Britain take the initiative

Great Britain take the lead after the morning fourballs in the Seve Trophy

Martin Park
Fri, 14 Apr 2000
0

Great Britain and Ireland got off to the best possible start in the Inaugural Seve Ballesteros Trophy, mainly thanks to Thomas Bjorn, a European Team member.

Bjorn missed an 18-inch putt on the last green to lose a match they should have won at an earlier stage as he and his partner, Robert Karlsson were in total command. Karlsson and Bjorn won the second hole, lead at the halfway point before increasing their lead to 2up after 14 holes only to see Phillip Price can a tram-liner at the par three 15th hole for a birdie two to reduce the deficit.

And with a bogey five at the next from Bjorn and Karlsson, Price and Harrington suddenly found themselves back in the match and getting at least half a point out of the morning foursomes.

But Bjorn made the fatal error of missing a tap in par putt at the 18th to hand the Welsh/Irish combination a winning point and GB&I a 3-1 lead going into the afternoon Fourballs and helped Captain Monty’s lunch taste that little better. “The last match on the course was very important.
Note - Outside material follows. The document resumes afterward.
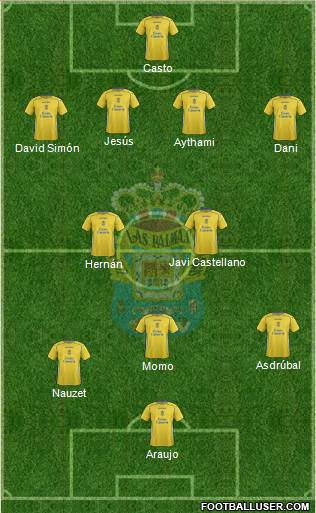 U.D. Las Palmas S.A.D. 4-2-3-1 football formation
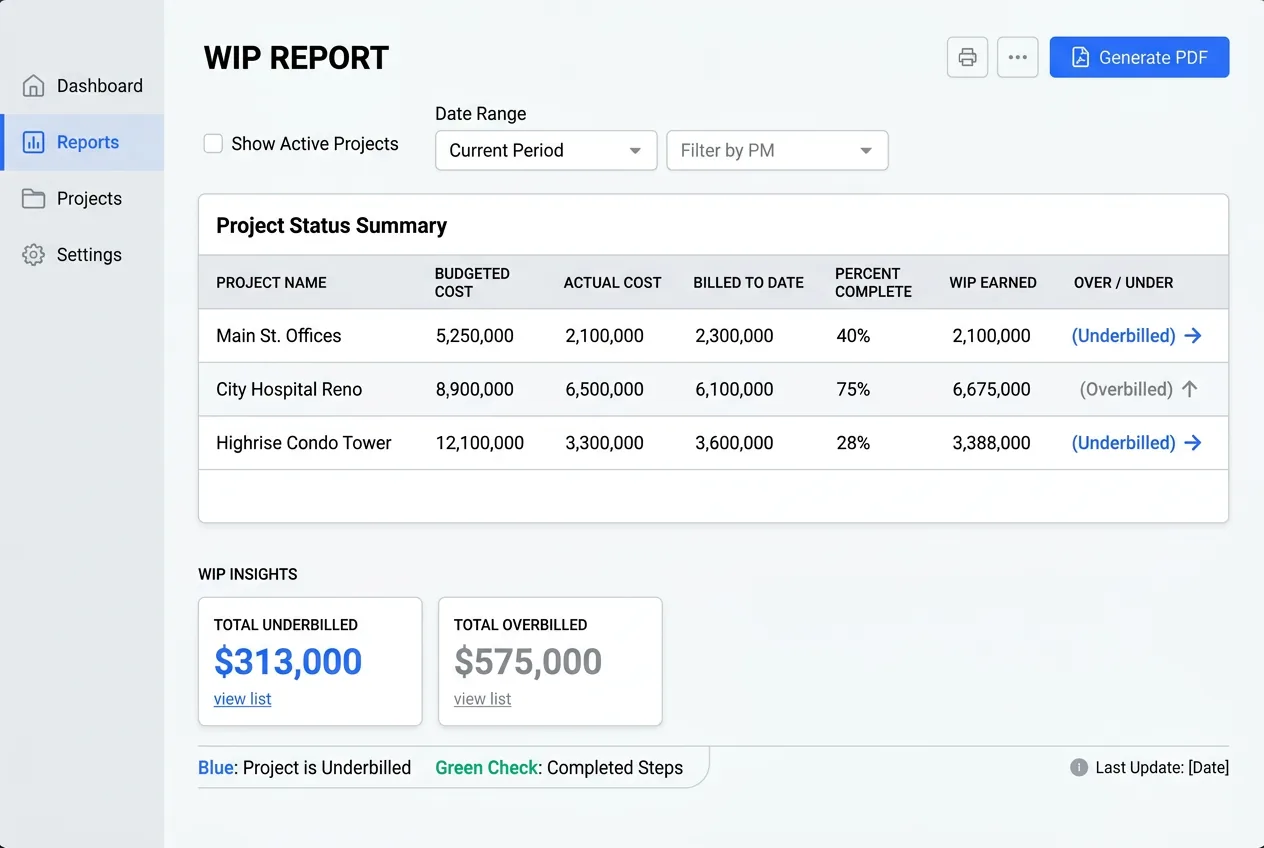 WIP report showing overbilled and underbilled positions across multiple active construction projects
Phil and Padraig were not in front until the last hole and that’s the best place to go ahead. To be 3-1 instead of 2-2 makes a big, big difference”. Said Montgomerie. “Woosie and I were 5-under par and Lee and Darren were 6-under. I thought they would give us that sort of start as they know each other well from the Ryder Cup”.

Monty started the point rolling with partner Ian Woosnam, defeating the prime Spanish pairing of Jose Maria Olazabal and Miguel Angel Jimenez, 2&1. The little Welshman gelled well with Monty and justified his place in the GB&I team. “We were five under today and didn’t drop a shot. We played very well and it was a case of us knocking in a few more putts than they did”. Said Woosnam. “I holed form 20 feet at the 14th for eagle which helped our case. It wasn’t exactly the nail in their coffin but it made life easier for us”.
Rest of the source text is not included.